- Information provided:
══════
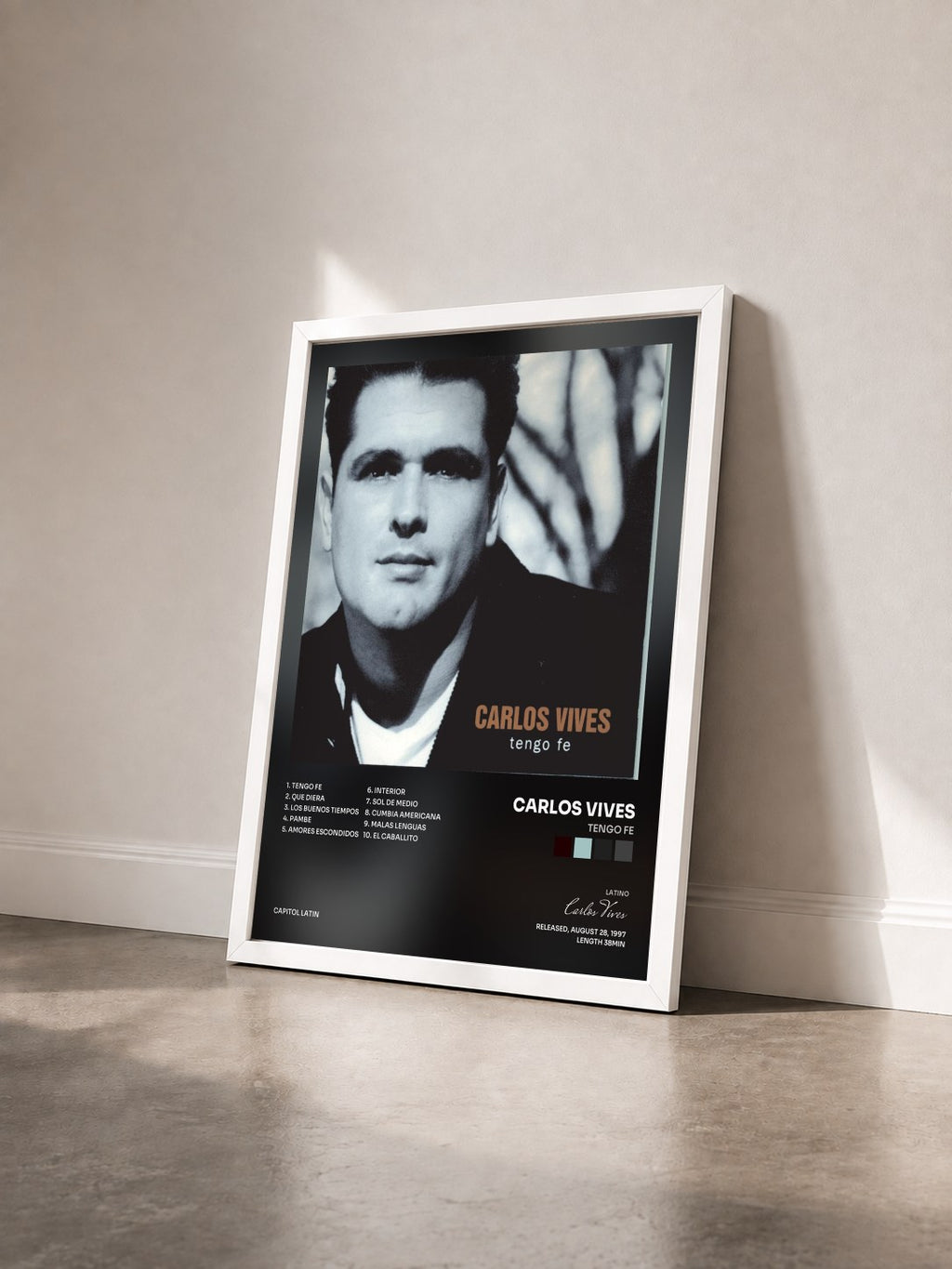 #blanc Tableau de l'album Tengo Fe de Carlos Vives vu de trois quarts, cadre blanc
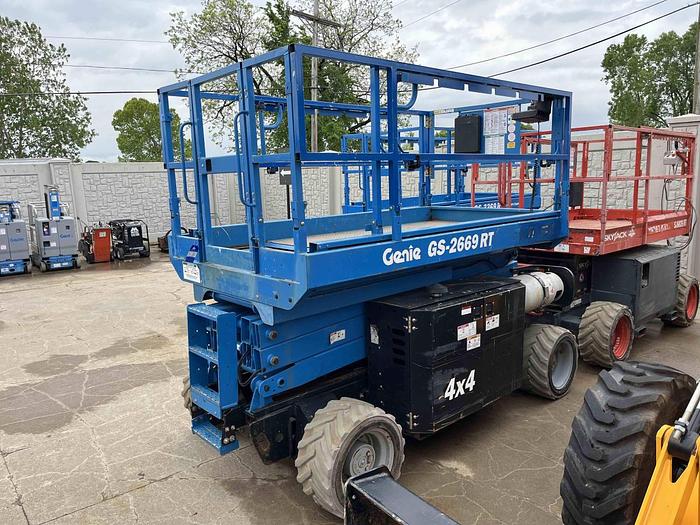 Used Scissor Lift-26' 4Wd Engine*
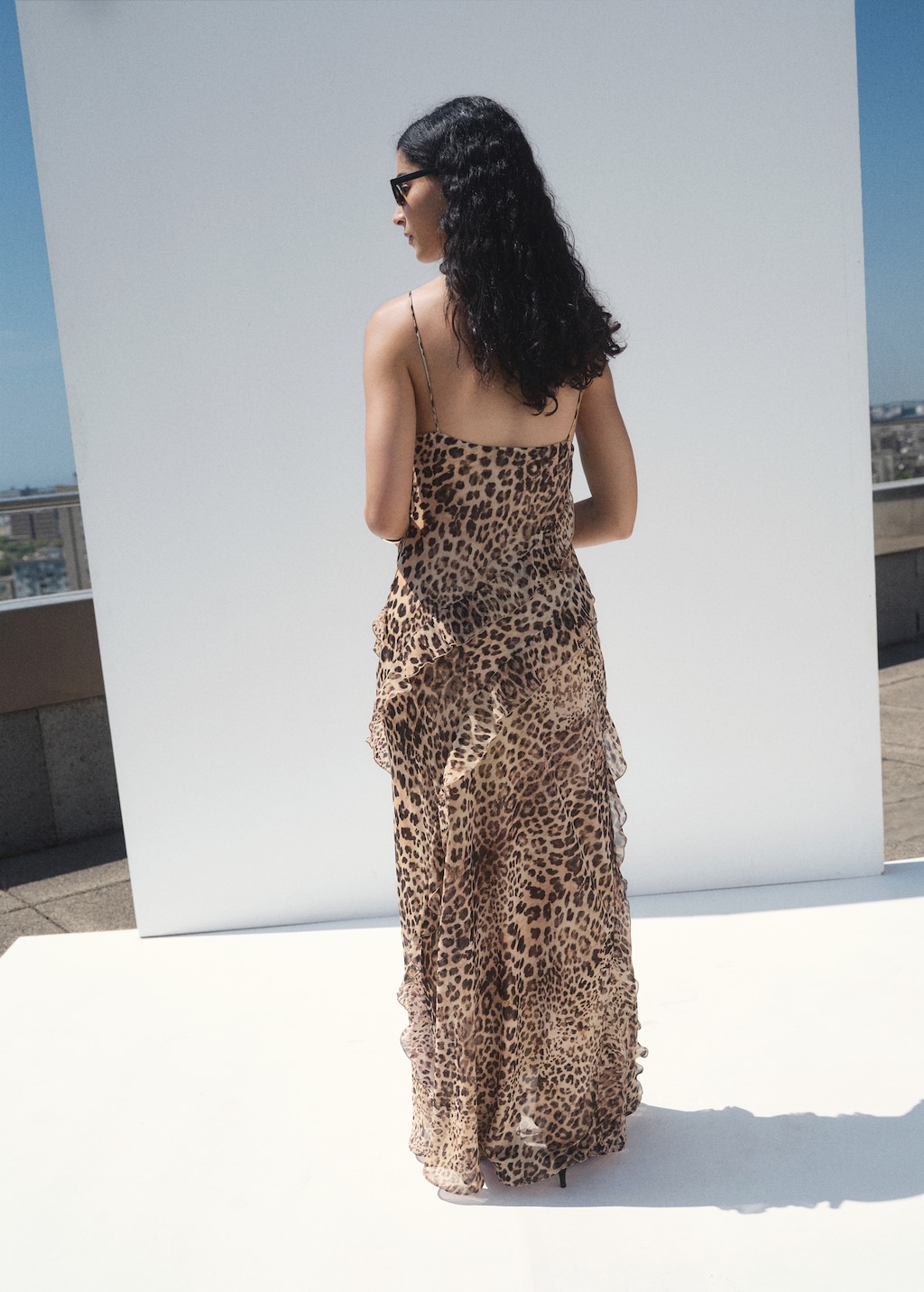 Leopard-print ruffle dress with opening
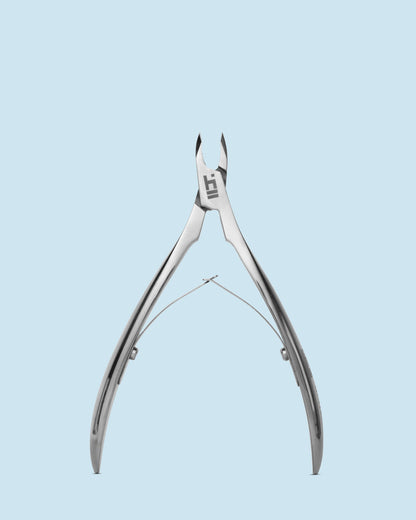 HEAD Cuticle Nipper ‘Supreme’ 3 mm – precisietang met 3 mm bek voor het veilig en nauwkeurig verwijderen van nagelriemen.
══════
- Work request:
If pictures appear in the data, do not print them; repeat the rest exactly.

- The answer:
 #blanc Tableau de l'album Tengo Fe de Carlos Vives vu de trois quarts, cadre blanc
 Used Scissor Lift-26' 4Wd Engine*
 Leopard-print ruffle dress with opening
 HEAD Cuticle Nipper ‘Supreme’ 3 mm – precisietang met 3 mm bek voor het veilig en nauwkeurig verwijderen van nagelriemen.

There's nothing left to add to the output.